Uno studio italiano dimostra come questi dispositivi di protezione possano rilasciare nelle acque centinaia di migliaia di microfibre potenzialmente dannose per gli organismi marini

Il consumo di mascherine usa e getta, enormemente incrementatosi in tutto il mondo a causa della pandemia,  determina purtroppo una nuova forma di contaminazione ambientale dovuta al loro smaltimento improprio. Uno studio dell’Università di Milano-Bicocca evidenzia come una sola mascherina sia in grado di rilasciare migliaia di fibre microscopiche estremamente dannose per l’ambiente marino.

Lo studio, pubblicato sulla rivista Environmental Advances, si è basato su esperimenti di invecchiamento artificiale che hanno simulato l’azione degli agenti atmosferici sulla mascherina, in particolare la radiazione solare.
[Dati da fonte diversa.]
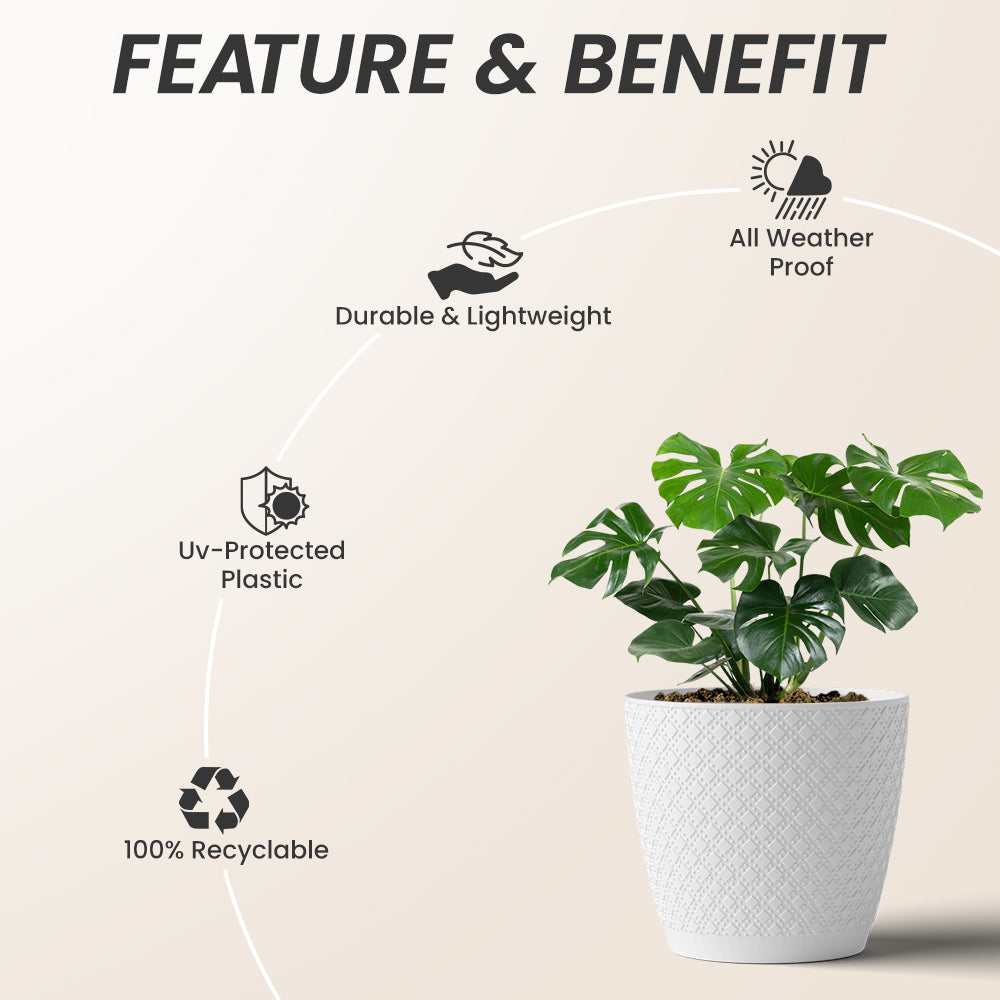 SHERA | CRUZ PLANTER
Quest’ultima infatti, combinata con l’azione meccanica svolta dal moto ondoso, causa il rilascio delle particelle inquinanti.

I risultati ottenuti tramite tecniche di microscopia elettronica e microspettroscopia infrarossa hanno indicato che una singola maschera chirurgica sottoposta a 180 ore di irradiazione con luce UV-A e agitazione in acqua di mare artificiale può rilasciare fino a 173.000 fibre al giorno, del diametro di poche decine di micron.

Non sono ancora stati individuati gli effetti che queste microfibre possono avere sugli organismi che abitano gli ambienti marini; sono possibili danni paragonabili a quelli causati da altre tipologie di microplastiche, come l’ostruzione in seguito ad ingestione e gli effetti tossicologici dovuti alla veicolazione di contaminanti chimici e biologici.